9. März 2022
Tarifrunde Textil Ost 2022
Verhandlungsauftakt: Arbeitgeber fordern Verzicht, IG Metall hält dagegen
Sechs Prozent mehr Geld, eine Angleichung an die Löhne im Westen und die Fortführung des Tarifvertrags für die Altersteilzeit – das fordert die IG Metall in der aktuellen Tarifrunde der Textilindustrie Ost. In der ersten Verhandlung stellen die Arbeitgeber sich quer.

Ergebnislos haben sich Arbeitgeber und IG Metall am Mittwoch nach der ersten Verhandlung für das Tarifgebiet Textil Ost getrennt. Die IG Metall fordert sechs Prozent mehr Entgelt für die Beschäftigten und eine Erhöhung der Jahressonderzahlung auf 100 Prozent – mit betrieblicher Wahloption. Außerdem soll der Tarifvertrag für die Altersteilzeit verlängert werden. Die Arbeitgeber legten kein verhandelbares Angebot auf den Tisch.

Aktuell liegt der Unterschied bei der Jahressonderzahlung der Kolleginnen und Kollegen im Westen bei bis zu 40 Prozent. Auch bei den Entgelten gibt es Unterschiede zwischen Ost und West. Bei der untersten Entgeltgruppe beträgt die Lohnlücke mehr als 2000 Euro im Jahr. Doch die Arbeitgeber denken nicht an Angleichung, sondern bringen Argumente, um die Löhne weiter runterzuschrauben. „Diese Krise kann nicht allein auf dem Rücken der Beschäftigten ausgetragen werden“ sagt die Verhandlungsführerin der IG Metall, Stefanie Reimer.

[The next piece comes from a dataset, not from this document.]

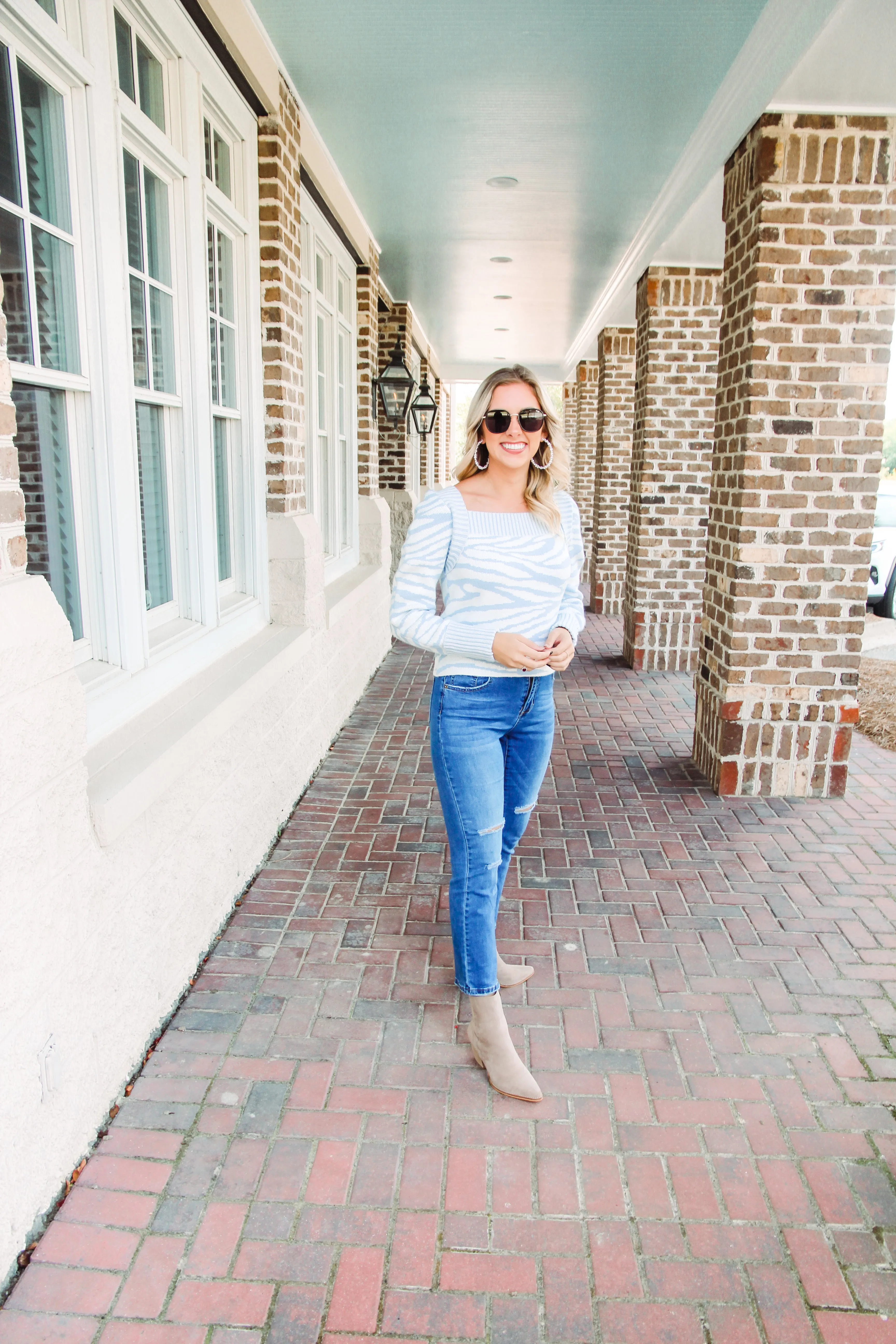 Zoe Blue Zebra Sweater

Löhne reichen nicht für den Sprit

Die Arbeitgeber führten in der ersten Verhandlung an, dass das Geld knapp sei und forderten somit die Beschäftigten zum Verzicht auf. „Das ist unter den aktuellen Bedingungen absolut nicht hinnehmbar“, so Reimer. Selbst wenn Spareinlagen zurzeit schwinden würden, bei den Beschäftigten ginge es um viel mehr: „Sie müssen aktuell schauen, wie sie überhaupt ihren Lebensunterhalt bestreiten können und an Spareinlagen ist bei vielen gar nicht zu denken. Sie hoffen eher am Ende des Monats ihre Lebensunterhaltskosten noch bezahlen zu können.“

Das entspricht der Realität, von der auch die anwesenden Tarifkommissionsmitglieder berichten. Einige Kolleginnen und Kollegen wüssten manchmal nicht, ob es sich für sie lohnt, zur Arbeit zu fahren. Die hohen Spritpreise fräßen derart ihr Gehalt auf, dass sie Verluste machen. Dabei handelt es sich um einen Textil-Betrieb, der mitten auf einem Acker steht. „Da müssen alle mit dem Auto hin. Da gibt es keine öffentlichen Verkehrsmittel“, berichtete ein anwesendes Tarifkommissionsmitglied.
 

Zahlreiche Protestaktionen der Beschäftigten

Aber die Beschäftigten der Textil-Industrie wehren sich. Ende Februar zeigten sie in zahlreichen Aktionen vor den Toren der Betriebe und auf den Straßen, in Form von aktiven Mittagspausen oder Kundgebungen, dass sie für ihre Forderungen in dieser Tarifrunde sichtbar und laut einstehen werden. Am Tag vor der Verhandlung zogen sie gemeinsam mit solidarischen Beschäftigten aus anderen Branchen in Chemnitz an die Karl-Marx-Büste.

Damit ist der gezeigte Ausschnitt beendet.